[ECCV22 Oral] P3AFormer: Tracking Objects as Pixel-wise Distributions

This is the official code for our ECCV22 oral paper: tracking objects as pixel-wise distributions.

Authors: Zelin Zhao, Ze Wu, Yueqing Zhuang, Boxun Li, Jiaya Jia.

The proposed model diagram is:

The association scheme is:

Installation

Install PyTorch and torch vision. We tested on Pytorch==1.9.0+cu111, and torchvision==0.10.0+cu111. Other versions might work as well.
Install detectron2 following the official guidance. We use detectron2 == 0.6.0. Other versions might work as well.

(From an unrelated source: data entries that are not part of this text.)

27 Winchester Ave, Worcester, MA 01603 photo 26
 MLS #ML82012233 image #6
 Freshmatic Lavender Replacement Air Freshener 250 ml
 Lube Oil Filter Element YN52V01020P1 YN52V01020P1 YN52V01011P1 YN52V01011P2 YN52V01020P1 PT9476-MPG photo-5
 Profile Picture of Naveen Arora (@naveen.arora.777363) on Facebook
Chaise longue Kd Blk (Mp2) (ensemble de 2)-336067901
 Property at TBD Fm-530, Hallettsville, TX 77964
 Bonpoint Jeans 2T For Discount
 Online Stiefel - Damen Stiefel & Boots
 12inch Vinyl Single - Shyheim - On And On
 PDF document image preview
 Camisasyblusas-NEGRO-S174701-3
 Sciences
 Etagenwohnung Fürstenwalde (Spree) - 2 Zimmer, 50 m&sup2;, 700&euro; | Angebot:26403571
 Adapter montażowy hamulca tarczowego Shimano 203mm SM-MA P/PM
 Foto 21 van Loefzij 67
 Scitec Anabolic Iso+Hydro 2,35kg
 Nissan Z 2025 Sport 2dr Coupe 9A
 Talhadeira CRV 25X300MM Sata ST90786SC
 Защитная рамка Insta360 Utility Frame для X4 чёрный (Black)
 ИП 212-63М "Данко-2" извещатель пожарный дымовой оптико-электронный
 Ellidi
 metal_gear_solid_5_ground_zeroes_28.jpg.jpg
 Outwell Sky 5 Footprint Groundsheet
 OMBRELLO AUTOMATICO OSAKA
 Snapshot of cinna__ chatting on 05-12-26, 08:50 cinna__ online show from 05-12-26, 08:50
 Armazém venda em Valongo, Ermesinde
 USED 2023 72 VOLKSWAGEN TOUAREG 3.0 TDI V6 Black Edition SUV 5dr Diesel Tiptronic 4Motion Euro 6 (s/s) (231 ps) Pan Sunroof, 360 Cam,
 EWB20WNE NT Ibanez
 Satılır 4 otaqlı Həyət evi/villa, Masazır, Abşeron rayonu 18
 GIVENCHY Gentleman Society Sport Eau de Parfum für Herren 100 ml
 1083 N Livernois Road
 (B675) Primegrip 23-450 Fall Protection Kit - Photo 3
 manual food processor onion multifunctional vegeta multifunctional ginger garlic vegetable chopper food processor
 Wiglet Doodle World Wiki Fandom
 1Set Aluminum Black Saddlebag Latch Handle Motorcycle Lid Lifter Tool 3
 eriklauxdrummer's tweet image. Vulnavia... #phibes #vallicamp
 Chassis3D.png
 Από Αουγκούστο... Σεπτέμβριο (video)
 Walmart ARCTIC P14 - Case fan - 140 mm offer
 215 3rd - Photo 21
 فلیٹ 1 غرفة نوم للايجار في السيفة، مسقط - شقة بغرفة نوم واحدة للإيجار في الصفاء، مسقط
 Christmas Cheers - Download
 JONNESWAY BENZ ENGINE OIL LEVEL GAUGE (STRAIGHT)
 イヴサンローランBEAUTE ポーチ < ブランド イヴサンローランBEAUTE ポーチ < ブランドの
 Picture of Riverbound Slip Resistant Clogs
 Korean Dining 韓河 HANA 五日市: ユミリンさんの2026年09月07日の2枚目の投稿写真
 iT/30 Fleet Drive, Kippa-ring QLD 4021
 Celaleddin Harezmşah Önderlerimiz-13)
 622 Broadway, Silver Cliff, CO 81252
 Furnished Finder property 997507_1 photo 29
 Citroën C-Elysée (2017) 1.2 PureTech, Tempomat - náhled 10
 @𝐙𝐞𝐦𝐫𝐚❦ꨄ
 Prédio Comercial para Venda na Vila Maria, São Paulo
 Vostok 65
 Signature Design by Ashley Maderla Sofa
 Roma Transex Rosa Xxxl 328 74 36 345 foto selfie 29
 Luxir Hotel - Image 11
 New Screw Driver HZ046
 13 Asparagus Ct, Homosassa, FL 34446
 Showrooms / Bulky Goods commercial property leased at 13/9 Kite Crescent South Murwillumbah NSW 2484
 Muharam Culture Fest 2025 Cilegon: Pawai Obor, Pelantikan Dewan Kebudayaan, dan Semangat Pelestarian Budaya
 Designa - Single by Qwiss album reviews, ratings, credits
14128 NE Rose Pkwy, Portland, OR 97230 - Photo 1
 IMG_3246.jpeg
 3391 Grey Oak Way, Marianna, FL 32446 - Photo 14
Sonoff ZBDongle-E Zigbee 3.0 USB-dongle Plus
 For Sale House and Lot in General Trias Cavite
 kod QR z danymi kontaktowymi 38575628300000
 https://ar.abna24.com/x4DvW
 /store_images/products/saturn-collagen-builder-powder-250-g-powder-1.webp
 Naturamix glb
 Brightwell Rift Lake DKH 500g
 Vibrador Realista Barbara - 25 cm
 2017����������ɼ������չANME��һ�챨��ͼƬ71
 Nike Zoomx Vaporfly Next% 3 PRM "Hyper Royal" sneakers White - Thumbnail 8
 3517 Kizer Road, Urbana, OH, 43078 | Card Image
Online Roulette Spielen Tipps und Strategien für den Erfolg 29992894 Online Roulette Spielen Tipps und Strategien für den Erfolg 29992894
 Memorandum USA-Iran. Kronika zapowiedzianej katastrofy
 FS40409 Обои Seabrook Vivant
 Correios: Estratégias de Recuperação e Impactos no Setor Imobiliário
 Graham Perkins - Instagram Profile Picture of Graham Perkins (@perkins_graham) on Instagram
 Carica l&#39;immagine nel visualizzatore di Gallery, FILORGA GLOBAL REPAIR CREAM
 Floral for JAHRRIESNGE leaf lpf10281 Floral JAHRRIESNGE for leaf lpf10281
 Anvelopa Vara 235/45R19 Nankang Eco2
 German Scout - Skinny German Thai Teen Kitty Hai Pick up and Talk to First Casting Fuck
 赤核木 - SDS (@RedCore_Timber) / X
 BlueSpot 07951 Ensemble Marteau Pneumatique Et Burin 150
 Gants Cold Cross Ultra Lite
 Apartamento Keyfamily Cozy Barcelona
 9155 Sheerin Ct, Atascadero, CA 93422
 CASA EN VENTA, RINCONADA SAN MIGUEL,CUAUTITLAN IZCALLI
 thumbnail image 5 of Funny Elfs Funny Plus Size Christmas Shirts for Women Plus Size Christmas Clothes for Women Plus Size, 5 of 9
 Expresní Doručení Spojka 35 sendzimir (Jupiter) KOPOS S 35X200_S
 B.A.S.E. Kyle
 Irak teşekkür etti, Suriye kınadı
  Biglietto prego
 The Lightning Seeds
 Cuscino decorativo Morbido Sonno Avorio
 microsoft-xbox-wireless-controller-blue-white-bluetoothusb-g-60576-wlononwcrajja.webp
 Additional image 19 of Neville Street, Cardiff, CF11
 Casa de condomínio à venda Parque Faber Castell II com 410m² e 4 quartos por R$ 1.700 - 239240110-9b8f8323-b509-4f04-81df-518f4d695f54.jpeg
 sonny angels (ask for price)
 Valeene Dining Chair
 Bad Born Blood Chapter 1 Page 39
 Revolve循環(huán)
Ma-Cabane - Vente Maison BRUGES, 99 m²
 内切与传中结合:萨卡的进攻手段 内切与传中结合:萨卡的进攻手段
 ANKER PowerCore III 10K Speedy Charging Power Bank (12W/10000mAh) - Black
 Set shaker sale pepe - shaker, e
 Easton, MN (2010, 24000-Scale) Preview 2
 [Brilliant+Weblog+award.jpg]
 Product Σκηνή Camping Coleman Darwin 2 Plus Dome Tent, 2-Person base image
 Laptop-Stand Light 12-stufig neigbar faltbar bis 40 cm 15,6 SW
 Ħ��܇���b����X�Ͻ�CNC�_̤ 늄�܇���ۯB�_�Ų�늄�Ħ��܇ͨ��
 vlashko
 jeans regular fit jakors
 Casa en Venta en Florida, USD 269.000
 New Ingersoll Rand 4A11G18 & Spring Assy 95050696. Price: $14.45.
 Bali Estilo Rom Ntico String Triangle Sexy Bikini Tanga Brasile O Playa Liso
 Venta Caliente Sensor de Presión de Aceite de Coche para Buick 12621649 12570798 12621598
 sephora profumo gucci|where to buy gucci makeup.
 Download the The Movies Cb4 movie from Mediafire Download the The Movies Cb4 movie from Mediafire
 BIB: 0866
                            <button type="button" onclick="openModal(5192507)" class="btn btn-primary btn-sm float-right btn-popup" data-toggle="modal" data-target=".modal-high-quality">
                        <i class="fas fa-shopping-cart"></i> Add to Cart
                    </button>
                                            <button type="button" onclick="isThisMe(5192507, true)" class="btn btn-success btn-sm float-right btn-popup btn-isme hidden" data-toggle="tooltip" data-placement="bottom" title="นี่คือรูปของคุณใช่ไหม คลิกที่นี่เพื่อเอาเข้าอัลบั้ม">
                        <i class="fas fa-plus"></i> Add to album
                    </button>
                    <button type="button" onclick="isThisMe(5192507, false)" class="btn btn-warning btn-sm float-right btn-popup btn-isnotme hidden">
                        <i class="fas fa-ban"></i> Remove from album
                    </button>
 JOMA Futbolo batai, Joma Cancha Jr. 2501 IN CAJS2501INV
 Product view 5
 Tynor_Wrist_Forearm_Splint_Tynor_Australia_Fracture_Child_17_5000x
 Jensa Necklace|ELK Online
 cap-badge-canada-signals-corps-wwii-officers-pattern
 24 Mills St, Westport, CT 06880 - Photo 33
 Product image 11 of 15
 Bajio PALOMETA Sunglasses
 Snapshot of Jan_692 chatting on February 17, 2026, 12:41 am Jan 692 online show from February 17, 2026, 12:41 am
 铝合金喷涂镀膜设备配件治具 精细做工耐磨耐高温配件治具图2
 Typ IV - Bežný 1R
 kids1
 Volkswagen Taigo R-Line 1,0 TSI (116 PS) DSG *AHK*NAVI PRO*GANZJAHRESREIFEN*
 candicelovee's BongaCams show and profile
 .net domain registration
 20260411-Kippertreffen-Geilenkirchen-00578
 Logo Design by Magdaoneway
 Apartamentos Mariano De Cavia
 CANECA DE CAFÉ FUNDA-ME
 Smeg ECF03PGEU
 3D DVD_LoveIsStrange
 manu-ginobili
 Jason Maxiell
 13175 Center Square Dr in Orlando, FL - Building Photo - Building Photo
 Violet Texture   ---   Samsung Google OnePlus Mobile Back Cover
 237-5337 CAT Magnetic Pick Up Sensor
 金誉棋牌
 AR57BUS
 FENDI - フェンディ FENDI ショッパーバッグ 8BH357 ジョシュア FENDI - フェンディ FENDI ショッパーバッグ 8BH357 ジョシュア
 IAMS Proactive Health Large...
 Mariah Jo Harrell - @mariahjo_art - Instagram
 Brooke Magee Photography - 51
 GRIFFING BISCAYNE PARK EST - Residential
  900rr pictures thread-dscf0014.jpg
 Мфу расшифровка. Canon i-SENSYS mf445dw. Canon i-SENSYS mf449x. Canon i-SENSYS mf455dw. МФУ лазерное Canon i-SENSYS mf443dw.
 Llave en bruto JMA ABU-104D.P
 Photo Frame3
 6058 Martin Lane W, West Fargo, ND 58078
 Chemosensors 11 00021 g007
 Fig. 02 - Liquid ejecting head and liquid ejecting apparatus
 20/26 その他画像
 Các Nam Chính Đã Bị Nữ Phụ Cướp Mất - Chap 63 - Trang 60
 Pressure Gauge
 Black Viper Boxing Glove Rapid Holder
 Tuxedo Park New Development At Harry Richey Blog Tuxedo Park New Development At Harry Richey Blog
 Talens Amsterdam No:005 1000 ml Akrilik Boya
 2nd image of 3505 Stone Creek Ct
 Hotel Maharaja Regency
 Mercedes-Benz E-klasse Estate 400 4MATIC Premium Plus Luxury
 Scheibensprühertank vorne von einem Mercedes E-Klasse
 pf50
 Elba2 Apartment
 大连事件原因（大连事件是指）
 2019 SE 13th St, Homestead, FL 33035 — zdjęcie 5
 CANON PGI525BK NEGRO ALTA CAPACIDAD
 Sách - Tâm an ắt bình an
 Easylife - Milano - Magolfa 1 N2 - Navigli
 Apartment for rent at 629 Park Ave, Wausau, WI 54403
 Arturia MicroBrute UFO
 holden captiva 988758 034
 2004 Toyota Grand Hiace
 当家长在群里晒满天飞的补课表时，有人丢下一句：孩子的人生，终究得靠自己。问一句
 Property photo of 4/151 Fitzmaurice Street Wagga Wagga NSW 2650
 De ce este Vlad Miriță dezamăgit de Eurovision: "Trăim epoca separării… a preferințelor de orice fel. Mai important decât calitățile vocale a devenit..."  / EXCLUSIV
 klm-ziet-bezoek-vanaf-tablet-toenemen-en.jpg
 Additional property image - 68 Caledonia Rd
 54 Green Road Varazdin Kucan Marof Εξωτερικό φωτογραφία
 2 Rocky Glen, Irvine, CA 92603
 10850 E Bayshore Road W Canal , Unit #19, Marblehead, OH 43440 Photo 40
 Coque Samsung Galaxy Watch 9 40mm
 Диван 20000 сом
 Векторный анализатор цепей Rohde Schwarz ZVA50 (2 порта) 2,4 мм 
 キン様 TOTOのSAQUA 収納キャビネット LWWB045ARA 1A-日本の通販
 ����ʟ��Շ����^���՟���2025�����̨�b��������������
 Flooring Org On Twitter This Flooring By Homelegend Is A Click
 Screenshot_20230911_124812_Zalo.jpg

Install other dependencies.

pip install -r requirements.txt
# install gdown to download datasets from Google.
pip install gdown
pip install --upgrade gdown
cd models/ops
bash make.sh  # build extensions if you don't have one, and CUDA is needed.

We give a full list of our conda in export_requirements.txt.

Download datasets

Download MOT17/MOT20 from the official website. Alternately, you can download it via the following commands.

mkdir data
cd data
wget https://motchallenge.net/data/MOT17.zip
wget https://motchallenge.net/data/MOT20.zip
unzip MOT17.zip
unzip MOT20.zip
wget https://motchallenge.net/data/MOT15.zip # optional
unzip MOT15.zip

Download CityPersons from the official website. Alternately, you can download it via the following commands. When using the following commands, you need to have access to the google drive.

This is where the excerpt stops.